By: Francesco DeSalvatore
I’ve lived in the city of Chicago for about two years now. That’s roughly 730 days. For about 480 days of those two years I’ve been a student. I woke up every morning. Went to class. Came home. Did some homework. Occasionally hung out with friends. Ate whatever was left in the fridge because I was too lazy to go to the Jewel-Osco down the street. And then repeated it all over again. It’s a simplified schedule of my day, but one that any student can relate to and understand.
During that time most of my activities resided somewhere between the Sheridan and Fullerton Red Line El stops. More or less I came into contact with the same people–either my friends or people from work and school. It was 480 days of endless routine. And with routine came comfort, which made it even easier to forget about all of the political and social divides existing in the very neighborhood I inhabited.

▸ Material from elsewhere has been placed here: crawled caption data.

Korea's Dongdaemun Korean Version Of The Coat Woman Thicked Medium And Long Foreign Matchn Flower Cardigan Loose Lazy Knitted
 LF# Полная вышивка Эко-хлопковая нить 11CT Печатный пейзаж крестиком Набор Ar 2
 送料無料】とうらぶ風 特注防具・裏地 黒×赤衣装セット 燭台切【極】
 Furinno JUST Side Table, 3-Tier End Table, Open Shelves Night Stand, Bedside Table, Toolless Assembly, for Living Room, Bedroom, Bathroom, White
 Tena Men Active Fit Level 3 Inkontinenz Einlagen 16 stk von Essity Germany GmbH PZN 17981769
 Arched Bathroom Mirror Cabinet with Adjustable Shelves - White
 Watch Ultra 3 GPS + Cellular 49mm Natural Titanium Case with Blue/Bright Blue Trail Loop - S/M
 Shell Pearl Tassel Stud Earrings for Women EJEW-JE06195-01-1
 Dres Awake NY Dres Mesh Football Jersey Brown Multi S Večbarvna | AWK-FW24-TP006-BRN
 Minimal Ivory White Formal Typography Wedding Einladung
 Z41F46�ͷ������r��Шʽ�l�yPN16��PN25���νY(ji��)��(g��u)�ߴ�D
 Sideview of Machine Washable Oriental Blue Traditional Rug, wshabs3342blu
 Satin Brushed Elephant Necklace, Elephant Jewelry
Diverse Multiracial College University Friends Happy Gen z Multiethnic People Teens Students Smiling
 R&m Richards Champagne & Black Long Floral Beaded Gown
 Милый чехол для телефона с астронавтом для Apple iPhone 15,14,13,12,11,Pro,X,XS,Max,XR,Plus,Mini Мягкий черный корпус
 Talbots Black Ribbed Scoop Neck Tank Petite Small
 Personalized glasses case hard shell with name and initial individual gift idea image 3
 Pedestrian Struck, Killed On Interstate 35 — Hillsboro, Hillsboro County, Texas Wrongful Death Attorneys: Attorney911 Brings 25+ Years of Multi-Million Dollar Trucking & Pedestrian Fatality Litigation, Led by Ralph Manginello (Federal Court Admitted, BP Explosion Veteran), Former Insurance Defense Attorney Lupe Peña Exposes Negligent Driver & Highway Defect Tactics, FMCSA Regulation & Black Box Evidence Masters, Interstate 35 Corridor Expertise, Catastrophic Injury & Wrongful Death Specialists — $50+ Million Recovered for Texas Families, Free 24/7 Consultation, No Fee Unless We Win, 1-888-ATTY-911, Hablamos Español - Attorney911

In a city like Chicago, where all you need to do is look at a map and realize how segregated the city is, cohesion is easily forgotten. I wanted to find a place or a way to break down all of the political, social, and religious barriers that divided the Chicago community. Then I found Free Street Theatre.
For folks who have no clue what I’m talking about, Free Street is a non-for-profit theatre company dedicated to teaching acting and creative writing skills to youth. This summer, I served as the Artistic/Production Intern, helping create the set pieces, and blocking, running exercises, and helping advance the production in any way possible.
The summer intensive lasted for eight weeks, four days a week, eight hours a day, and focused on working with fifteen teenagers to develop a performance piece about political issues that were pertinent to their communities.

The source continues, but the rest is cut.